PA: Broadly, we're really interested in understanding the mechanisms underpinning the effects of in utero insults (including but not limited to MIA) on the developing brain. Ultimately, we believe that a combination of in vitro research, animal model work and human studies is needed. In our more recent work, we used a three-dimensional cell culture system (brain chimeroids) to ask how a variety of cell types in the developing brain are affected by in utero insults (Anton-Bolaños et al., 2024). We started this work by testing the teratogens ethanol and valproic acid, which are also associated with adverse neuropsychiatric outcomes, instead of immune stimulants, given the limited immune response capabilities of brain chimeroids. We identified cell type-specific effects on progenitor cells, and on excitatory and inhibitory neurons, of exposure to these teratogens. Interestingly, the effects varied in cell types from different human genetic backgrounds, and we believe the same may be true of the response to inflammation. This finding underscores the importance of work by other groups to develop personalized medicine approaches to preventing and treating disease.

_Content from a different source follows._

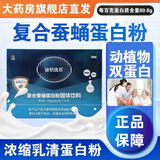 修正复合蚕蛹蛋白粉固体饮料20袋/盒大豆分离浓缩乳清蛋白沛怡优佳jz 3盒装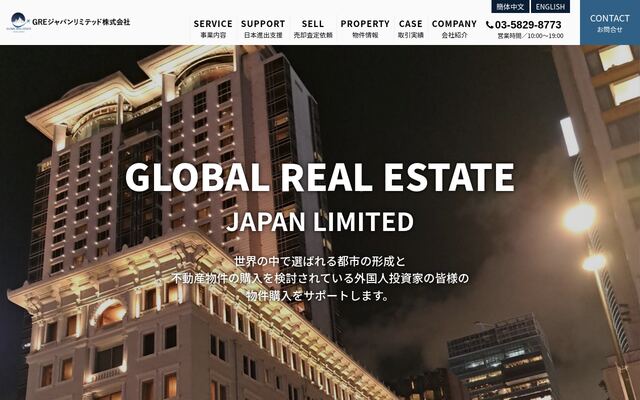 ＧＲＥジャパンリミテッド株式会社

The consequences of maternal immune activation on the microglia transcriptome are still visible in juvenile offspring. What do you think this tells us about the long-term consequences of infection during pregnancy, and how might this impact potential therapies for maternal infection-related neuropsychiatric conditions?

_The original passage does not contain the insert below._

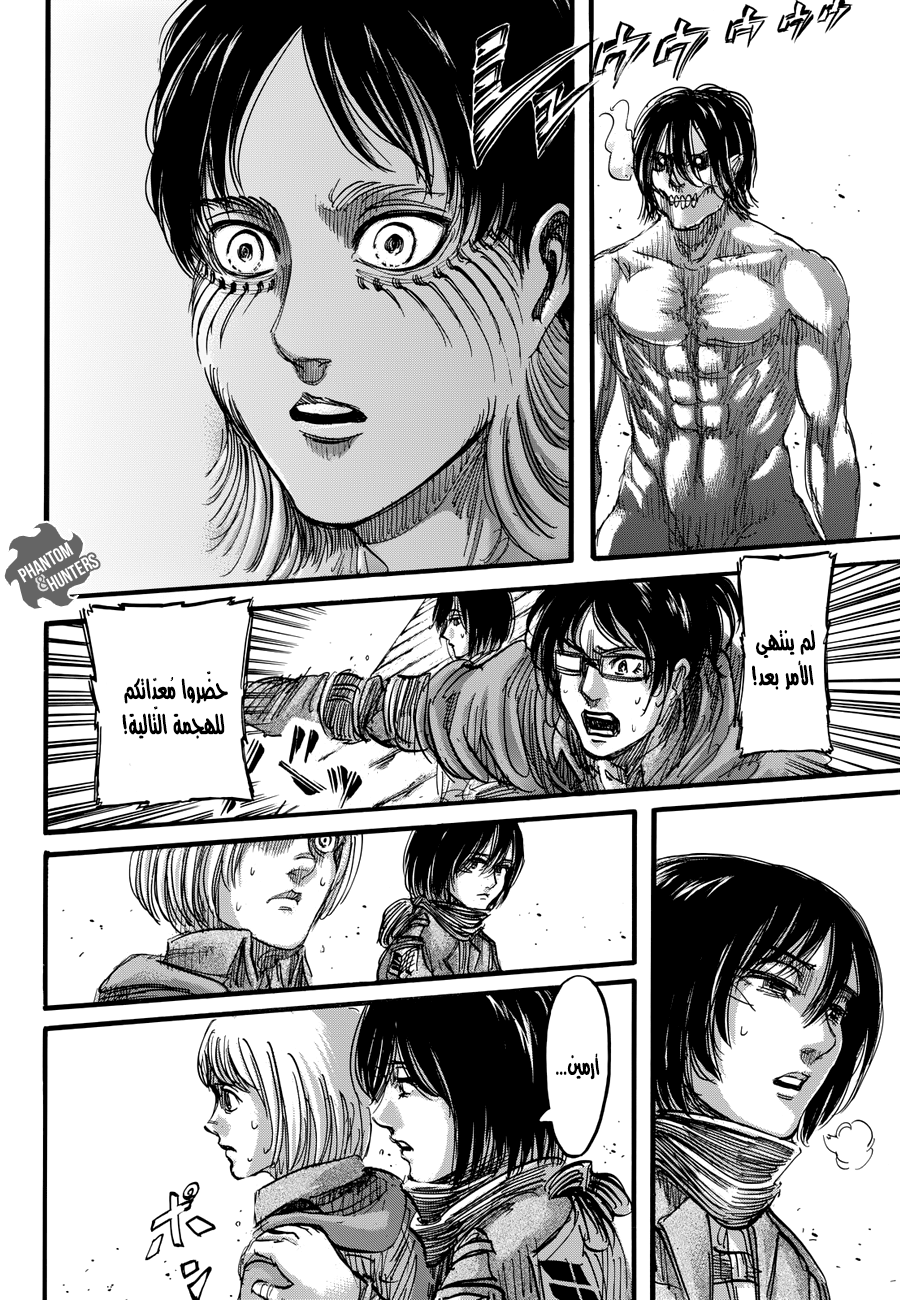 Read Shingeki no Kyojin AR Manga Online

BO: Our findings may help to explain the results of epidemiological studies in humans linking maternal inflammation to adverse neuropsychiatric outcomes. Our observation of persistently altered microglial transcriptional profiles in juvenile mice suggests, firstly, that fetal microglia-directed interventions may be able to promote lasting brain recovery, and, secondly, that even if fetal intervention is not possible, therapeutics that target microglial function or gene expression during childhood could benefit patients with a history of fetal brain insults.

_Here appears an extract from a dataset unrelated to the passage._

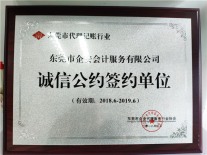诚信公约签约单位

Where are you taking this work next?
PA & ND: This project has led to many additional exciting questions - there is so much to do in this area! We are now working to understand common molecular pathways that may explain similar clinical phenotypes of different insults to the developing fetal brain. Bridget has also started her own laboratory (see below) and is moving her research into therapeutic development for related fetal and neonatal neurological conditions.
Bridget – can you tell us a little about your career history and future plans?
Prior to completing my postdoctoral fellowship in the Arlotta laboratory, I completed an MD and PhD at the University of California, San Francisco, in the laboratory of Dr Arnold Kriegstein, and a clinical residency in Pediatric Neurology. I also completed a clinical fellowship in Maternal-Fetal Neurology. I am now an Assistant Professor of Neurology at UCSF. My laboratory is focused on understanding, preventing and developing better treatments for acquired brain injury in babies. I also see patients with neurological conditions in clinic and in the hospital.
Together, these papers – and the broader shortlist – exemplify the diverse range of studies that Development publishes, and showcase the exciting research being conducted across our community. The value of the papers we publish is thanks not only to our authors but also to our peer reviewers, who ensure that the work is rigorously but constructively reviewed prior to acceptance. We are hugely grateful for the time they put in, and thank all our reviewers of the past 12 months for their work. A full list of reviewers is provided in the supplementary information.
While times are challenging for many researchers at present, we are excited by the current state and future prospects for developmental biology – given the range of experimental and theoretical approaches, and the diverse set of in vivo and in vitro systems, available to the community. If you'd like to be in with a chance of winning next year's Outstanding Paper Prize, we welcome your submission and look forward to working with you on your paper.